(Crawled caption data)
◆ ◆ ◆ ◆ ◆ ◆ ◆
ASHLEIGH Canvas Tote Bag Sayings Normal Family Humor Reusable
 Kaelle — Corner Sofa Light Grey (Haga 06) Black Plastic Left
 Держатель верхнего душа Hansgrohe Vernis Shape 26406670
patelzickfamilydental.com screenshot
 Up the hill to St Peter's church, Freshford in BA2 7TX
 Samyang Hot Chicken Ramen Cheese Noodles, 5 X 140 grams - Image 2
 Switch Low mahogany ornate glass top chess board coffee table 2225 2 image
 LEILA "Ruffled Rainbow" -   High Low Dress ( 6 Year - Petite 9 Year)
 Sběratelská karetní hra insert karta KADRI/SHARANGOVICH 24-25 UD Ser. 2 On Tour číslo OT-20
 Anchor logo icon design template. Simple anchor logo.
◆ ◆ ◆ ◆ ◆ ◆ ◆
Instructions for the task: Once more, give all the records exactly as they were written.

Output:
ASHLEIGH Canvas Tote Bag Sayings Normal Family Humor Reusable
 Kaelle — Corner Sofa Light Grey (Haga 06) Black Plastic Left
 Держатель верхнего душа Hansgrohe Vernis Shape 26406670
patelzickfamilydental.com screenshot
 Up the hill to St Peter's church, Freshford in BA2 7TX
 Samyang Hot Chicken Ramen Cheese Noodles, 5 X 140 grams - Image 2
 Switch Low mahogany ornate glass top chess board coffee table 2225 2 image
 LEILA "Ruffled Rainbow" -   High Low Dress ( 6 Year - Petite 9 Year)
 Sběratelská karetní hra insert karta KADRI/SHARANGOVICH 24-25 UD Ser. 2 On Tour číslo OT-20
 Anchor logo icon design template. Simple anchor logo.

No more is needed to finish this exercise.